A spunky teen fights a deadly disease
What is it like to watch your child grow up all the while knowing she will one day need a life-saving treatment? That was the situation 13-year-old Cameron and her family faced for years. Diagnosed with Fanconi anemia (FA) at just 10-days-old, Cameron and her family spent volumes of time researching the disease, investigating treatment options and ultimately, preparing for the day that Cameron would finally need a bone marrow transplant to save her life.
Fanconi anemia is a genetic blood disorder that results in bone marrow failure and an extremely high risk for leukemia. Without treatment, FA is fatal. However, if diagnosed at an early stage, patients can be closely monitored and treated appropriately when initial stages of bone marrow failure are noticed. The only proven cure for FA is a blood or marrow transplant.
Treatment at a world-leading institution
Although treatment could have been done many places, this family learned that the experts in the treatment of Fanconi anemia are located at the University of Minnesota Cancer Center. In fact, the Fanconi Anemia Comprehensive Care Program at the University of Minnesota is the single largest treatment center for FA in the United States and follows the largest number of Fanconi anemia patients in the world.

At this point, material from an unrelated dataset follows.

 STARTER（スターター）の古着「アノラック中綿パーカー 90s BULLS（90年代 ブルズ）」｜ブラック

The Fanconi Anemia Comprehensive Care Program at the University of Minnesota is the single largest treatment center for FA in the United States.
Upon arrival at the University of Minnesota, there was not much new information the doctors could tell Cameron’s family except Cameron’s blood work had begun changing and it was time to act. As Cameron waited nervously in her hospital room decked out in all things pink (her favorite color), the umbilical cord blood that had been saved from her younger brother’s birth seeped into her body and such began the second chapter of her life journey.

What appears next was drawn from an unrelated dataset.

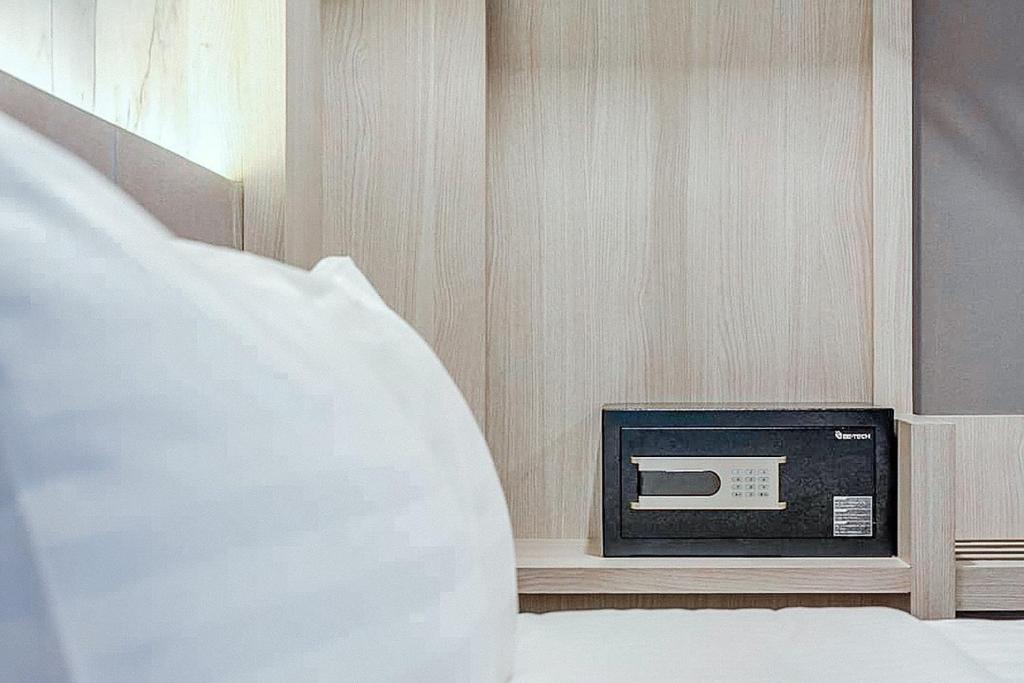 Hyde Park Hotel Bangkok - Resim 23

She progressed through the entire treatment with barely a hitch. In fact, only six days after her cord blood transplant, her mother caught Cameron dancing on her hospital bed to the latest Hannah Montana chart-topper. As her mom said, “Through the entire process, Cameron never lost her spunk nor her feistiness!”
New friends and new beginnings
Cameron made many new friends during her stay in Minnesota, including Nance Alexander, a Children’s Cancer Research Fund Care Partner’s volunteer. Just two short months after her transplant, Nance arranged a special trip for Cameron to one of her favorite places in Minnesota, the Mall of America. Through the generosity of Nordstrom’s, Cameron was able to visit the Mall of America store an hour before it opened and armed with her very own personal shopper, pick out a perfect pink “going home” outfit—a fabulous ending to their stay in Minnesota.
One week later, Cameron boarded a plane and arrived safely to her Memphis neighborhood lined with balloon-tied mailboxes and a giant welcome home banner hanging over the front door of her house. With an incredible attitude and unending support from family and friends, Cameron celebrated Christmas at home with her loving family. She is now back to school full time and thriving in the normalcy of her childhood.
Cameron was one of the lucky children who had very few complications as a result of her treatment. Unfortunately, many bone marrow transplant patients face side-effects, occasionally severe. Children’s Cancer Research Fund is currently supporting research focused on improving outcomes of blood and marrow transplants, including reducing the risk of graft-versus-host disease, one of the dangerous side-effects of this procedure.